He began with Vermeer-like landscape paintings, and began experimenting with a range of styles and subjects. He had his first major show in Boston in 1951, and won numerous awards for his work.
Sisson helped sustain what is now Maine College of Art during difficult financial times.
Gallery owner Tom Crotty said Sisson belongs in the same conversation with William Keinbusch, Fairfield Porter, John Laurent, Dahlov Ipcar, William Thon and others -- "associations of artists who energized the formation of a group of nonprofit galleries that made the work of many Maine artists available here for the first time." The Barn Gallery in Ogunquit, the Maine Art Gallery in Wiscasset and Maine Coast Artists -- now the Center for Maine Contemporary Art in Rockport -- set high standards for artists and audiences alike, Crotty said.
In the early 1980s, Sisson began painting in New Mexico.

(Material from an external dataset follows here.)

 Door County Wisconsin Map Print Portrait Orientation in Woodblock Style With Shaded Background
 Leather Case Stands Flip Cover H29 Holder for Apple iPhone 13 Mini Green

"As the artist has moved farther and farther away from the actual Maine tide pools that fascinated and motivated him in the beginning, he has evolved a very personal, unique, if less realistic, vision of his primary subject," Crotty writes.
This exhibition explores the current range of his interpretation of his subject.
His work is in the collections of Bowdoin College, the Museum of Fine Arts in Boston and the New Britain Museum in Connecticut, among others.